January 23, 2008

Losing control

Most modern psychologists will tell you that a major source of human anxiety and the drain on the national supply of Xanax is a "perceived lack of control." Like losing one's brakes during rush hour on the GW Bridge or getting stuck in a spiderweb as you flee from a huge man-eating spider...thinking that you've lost all control is something that makes a lot of people shit their pants.

I've managed to keep my pants clean and dry, but I can't help but find it supremely uncomfortable when I am force fed my own ineptitude: i.e. when I feel like a complete moron.

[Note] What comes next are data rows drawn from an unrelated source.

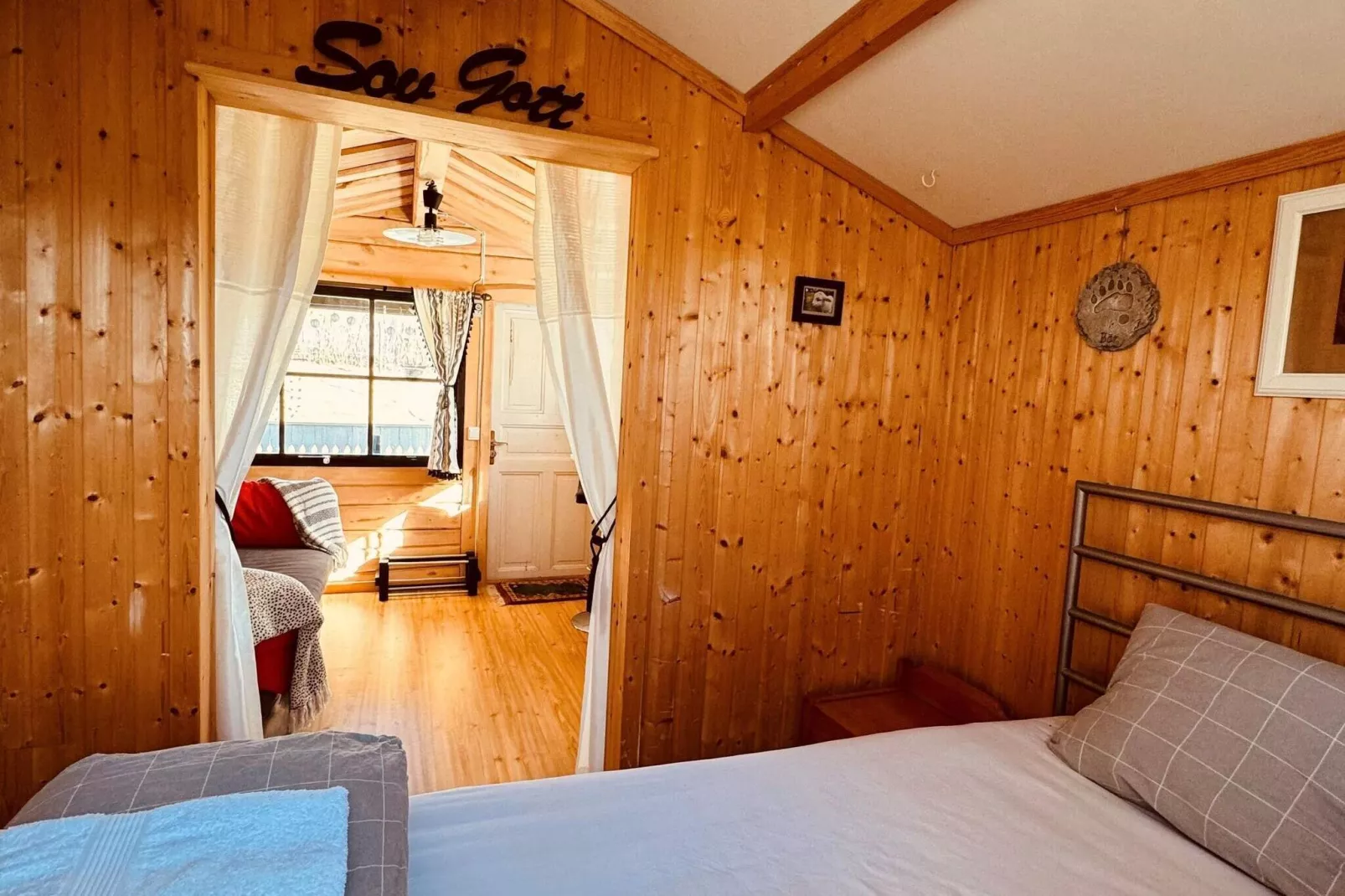 3 person holiday home in MUNKFORSS-Indoor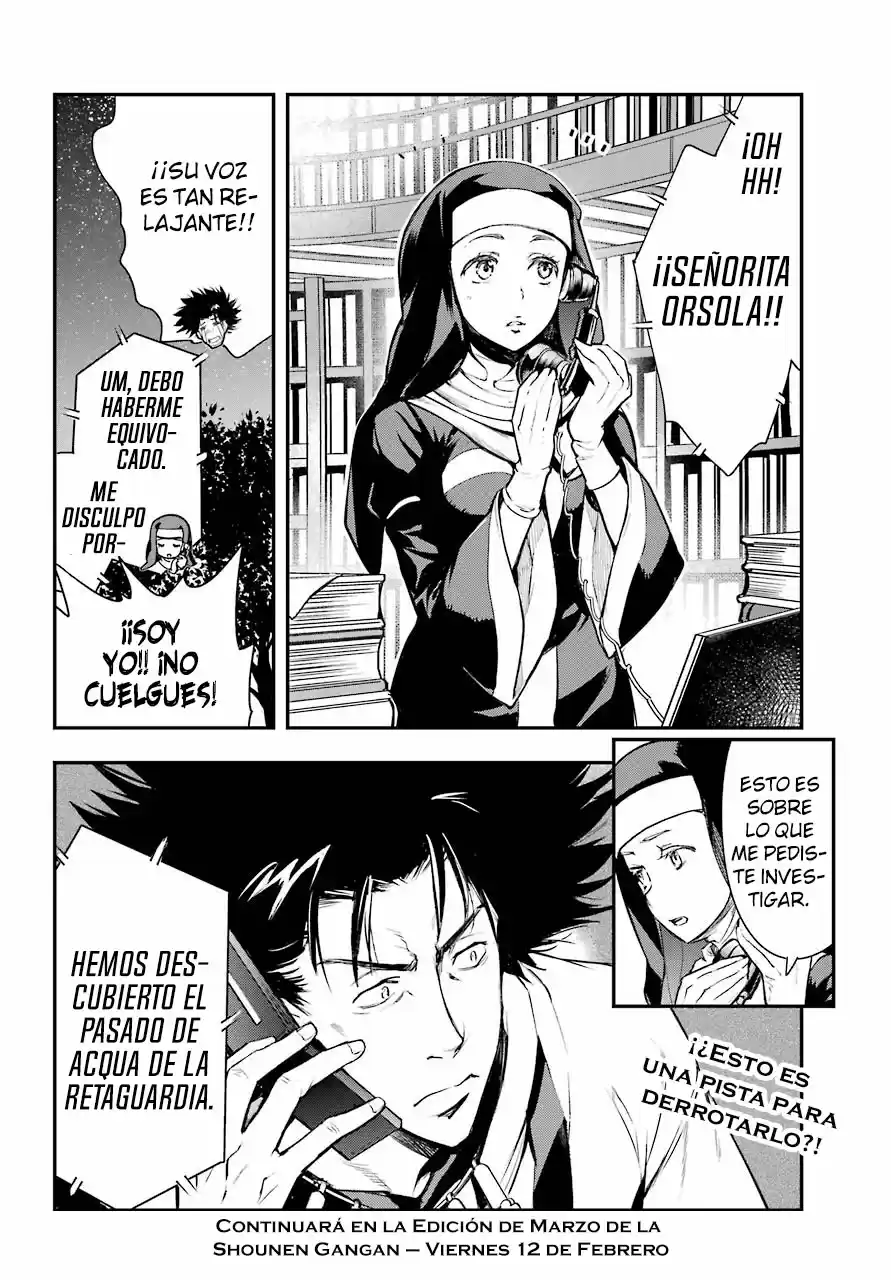 Toaru Majutsu No Index - Capítulo 155 - Página 24 - LectorTMOo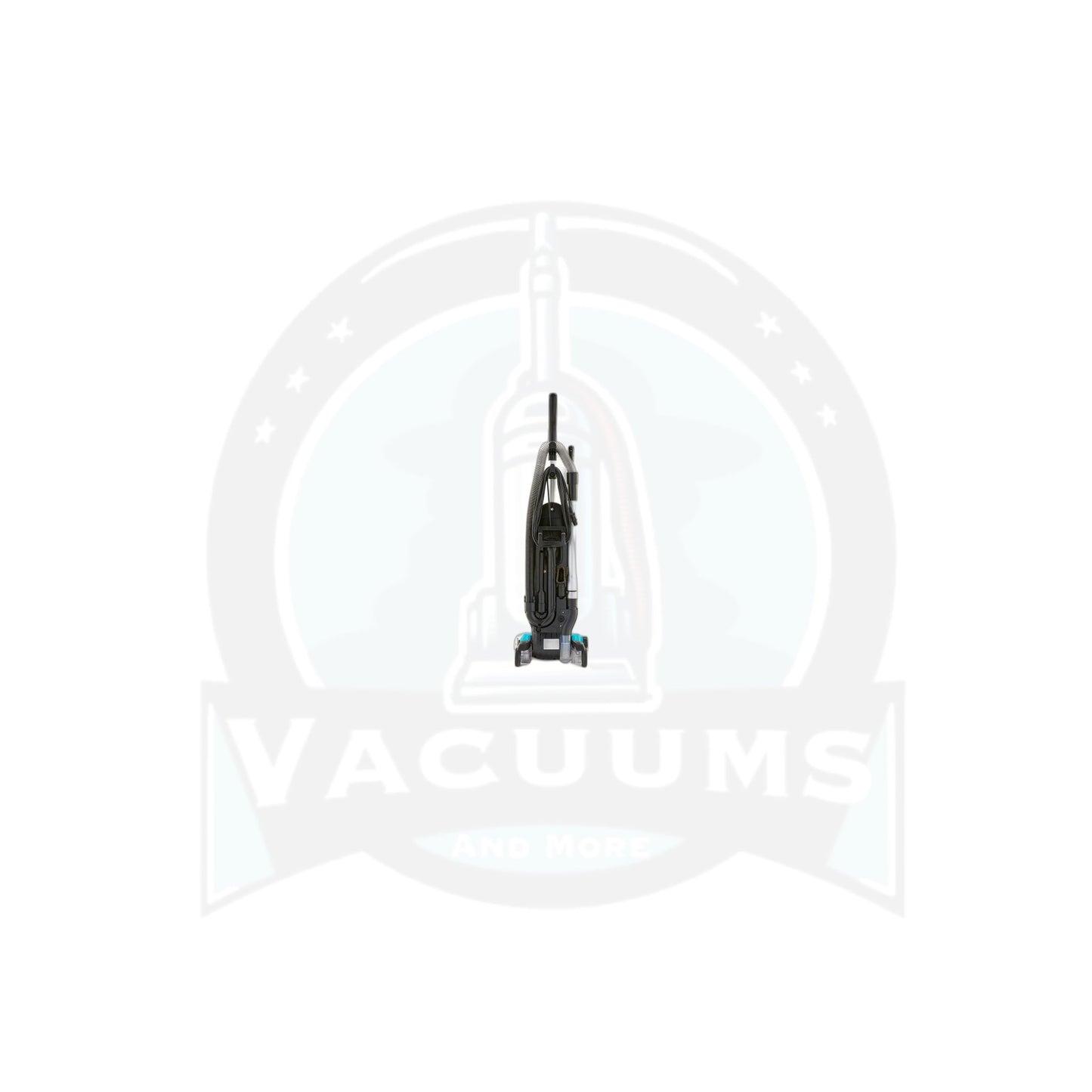 Titan T3200 HEPA Upright Vacuum with On-Board Tools - Blue - Image 2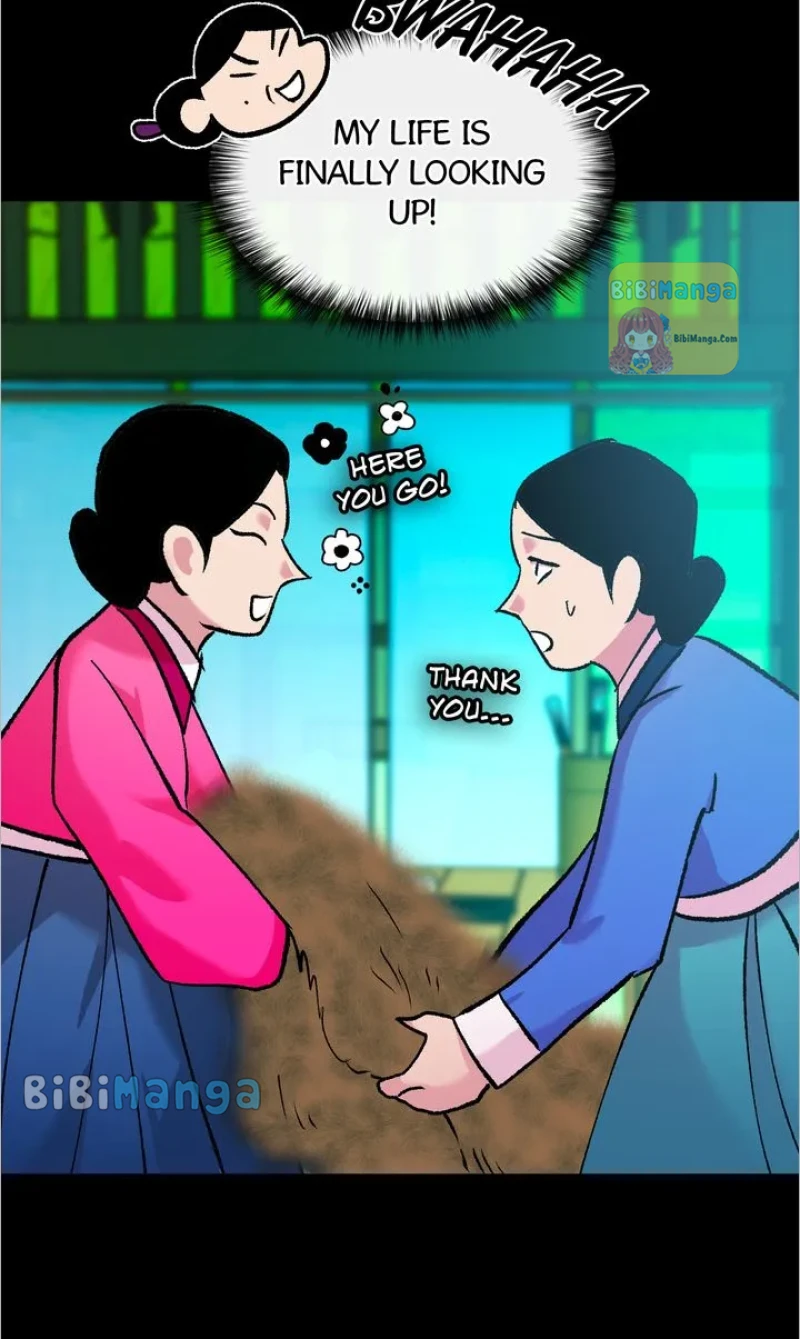 The Fantastic Spinsters’ Association of Joseon Chapter 40 - page 9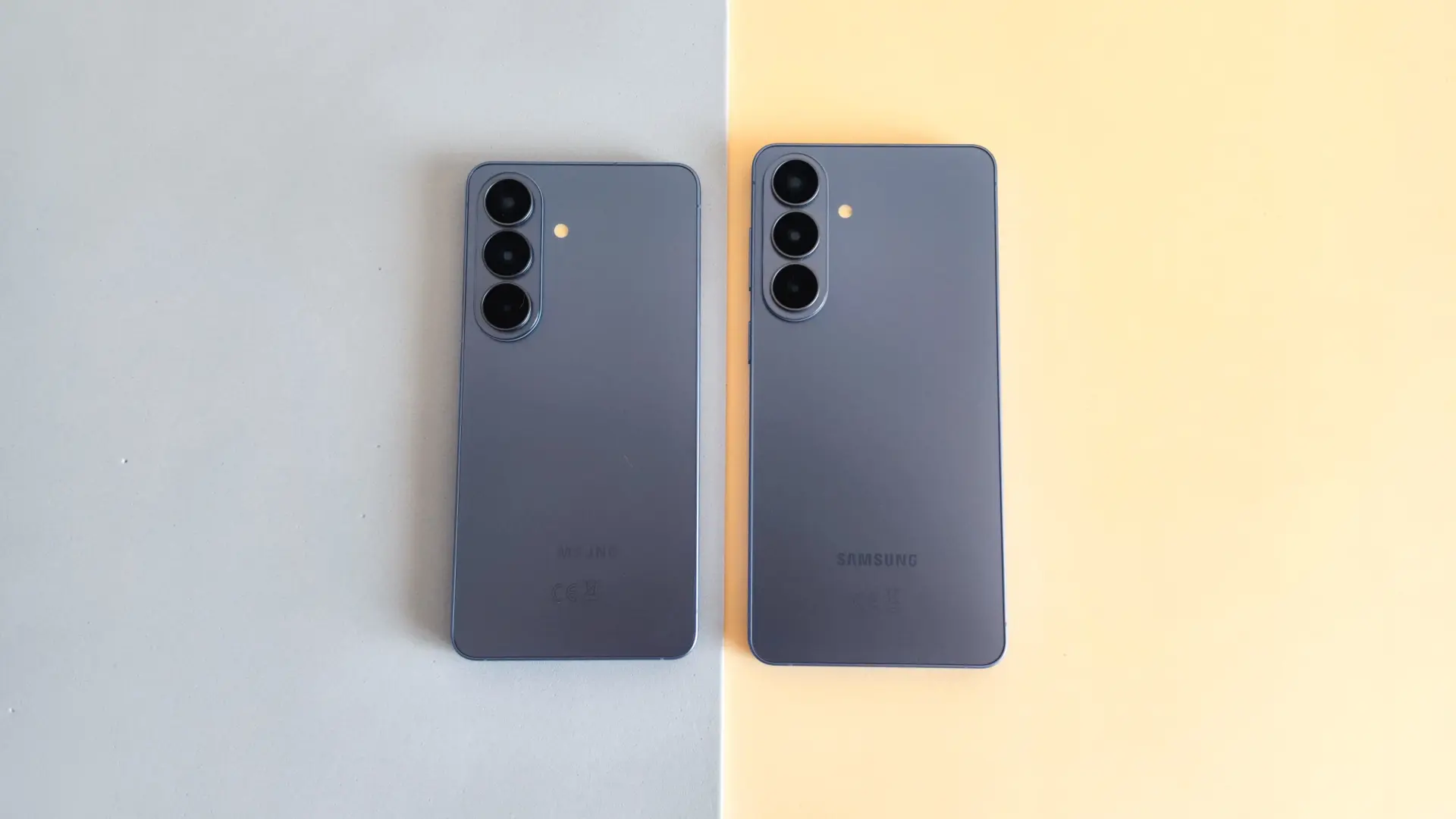Samsung galaxy s26 : le milieu de gamme se refait une beauté ?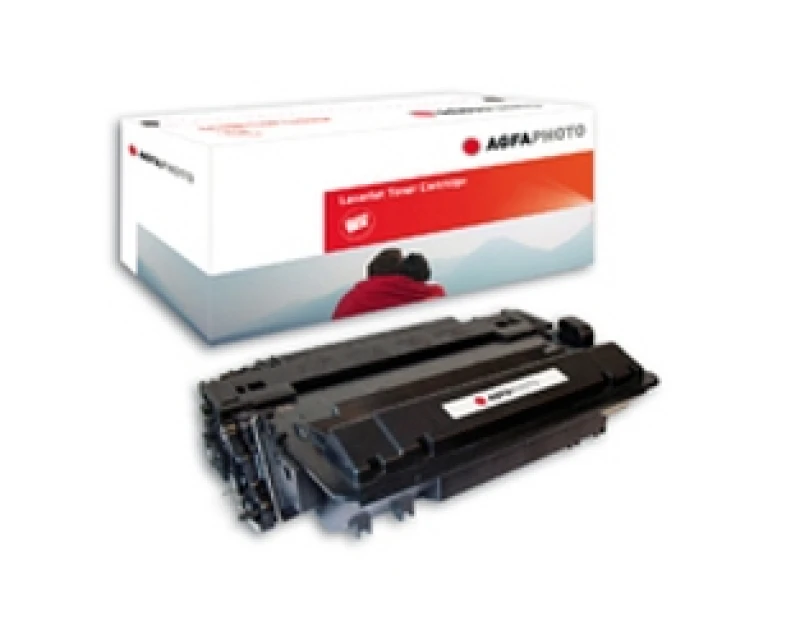 Image of AgfaPhoto APTHP255AE toner cartridge Black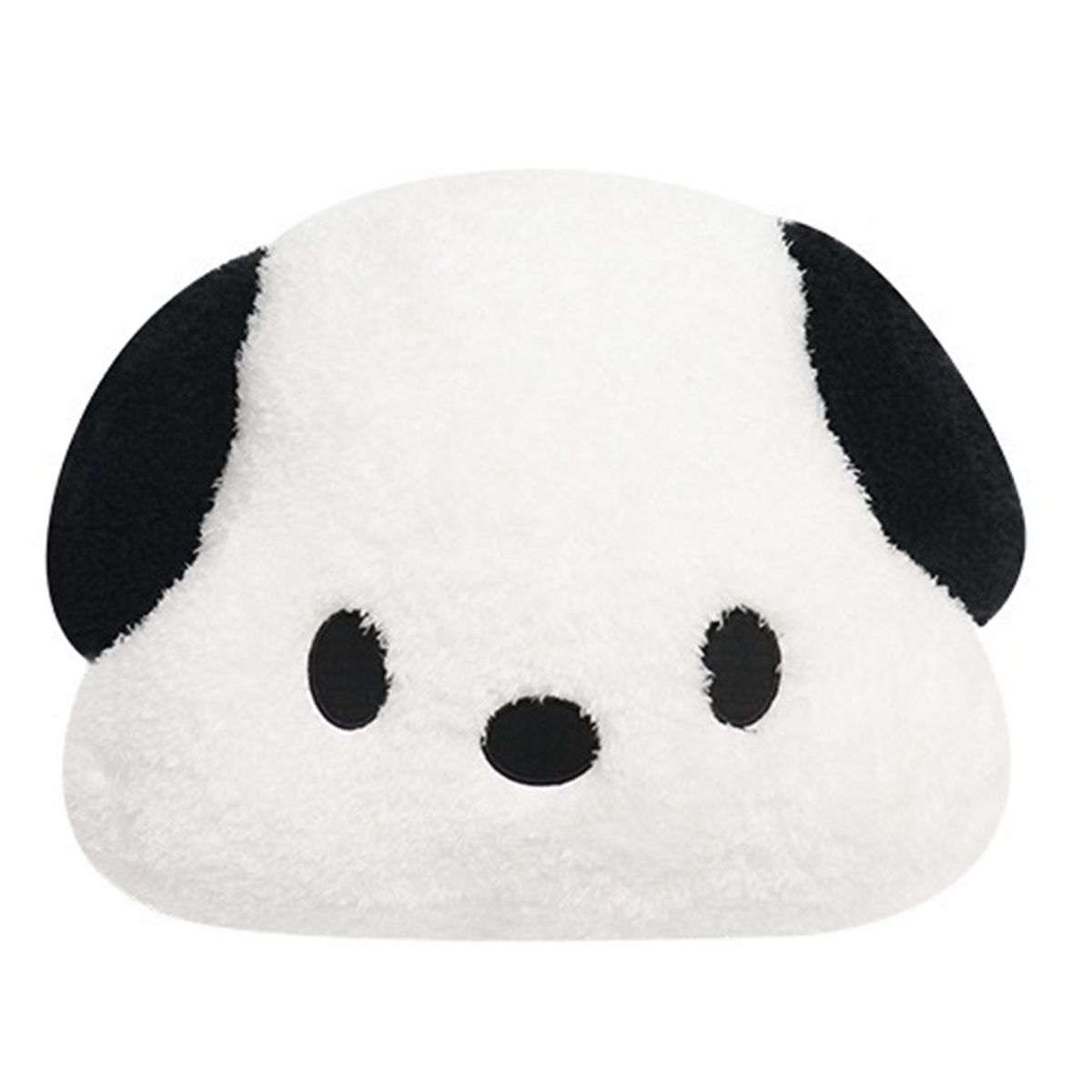 Auto Headrest Pillow Lovely Dog Neck Pillow Car Seat Headrest Cushion B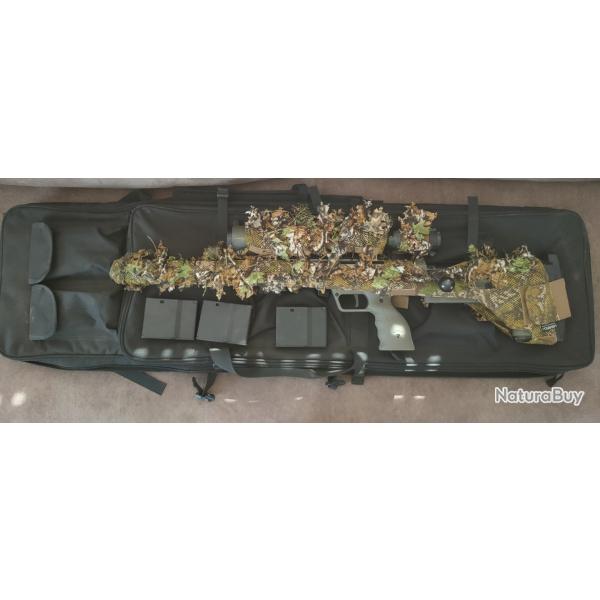 SRS A2 Covert 16" gaucher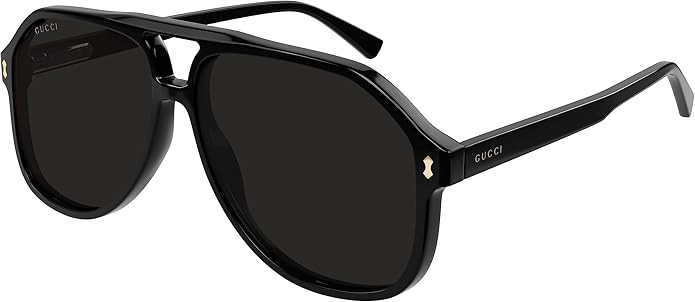 Gucci Pilot Sunglasses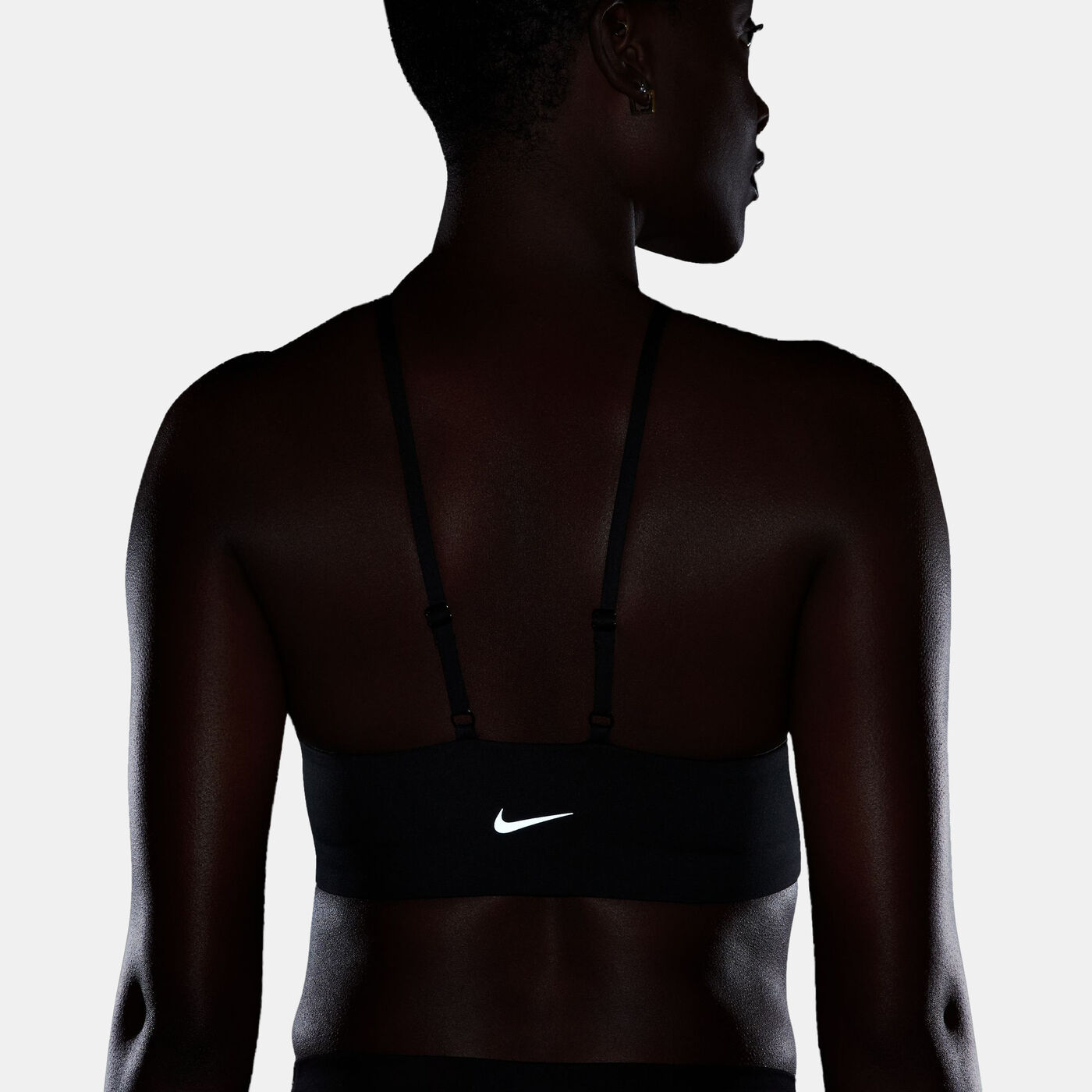 Women's One Keyhole Light-Support Padded Sports Bra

Like two days ago, for instance. I was trying to take a bus downtown to my agent's office. I usually take the train, but I didn't want to walk a mile from the subway in the subzero frozen tundra (that looks astonishingly like a big city). I've always felt confused by the tangle of bus lines on the metro maps, but I figured if I get a bus that's going the right way down a one-way street, I'll probably end up heading in the right direction. My journey began with a frantic search for the actual bus stop. Of course, there were no signs and no indications that a bus has ever stopped there in the history of the city's public transportation system. The only person in sight was the bum selling papers on the street corner, and I think he actually took pity on me. I know this because he did not ask for money after pointing out the bus stop three yards from where I was standing. The bus arrived shortly thereafter, and I got on without incident. My cheeks barely had time to warm when it was time to transfer to a crosstown bus. I pulled the cord that you're supposed to pull to indicate that you'd like to get the hell off the bus, and stood close to the front doors as the bus driver pulled up to the stop. The doors didn't open immediately after the bus stopped, yet the driver gave me a look that said, "why are you still on my bus?" Crap, was I supposed to get off at the back of the bus? Are there some unwritten (or perhaps clearly marked) rules of which I don't have cognizance? So I bounded to the back of the bus to find those doors locked tight. Then I looked back at the driver, who calmly and slowly opened the front doors with a smirk. I ran off the bus and croaked out a "thanks." It took me ten minutes to find the next bus stop, which was literally in front of me as I exited the first bus. Just before I boarded the second bus, I realized I had just been walking around like a drugged schoolgirl in one of the city's more dangerous projects. When the doors whooshed shut behind me, I couldn't shake the depth of my idiocy for many blocks.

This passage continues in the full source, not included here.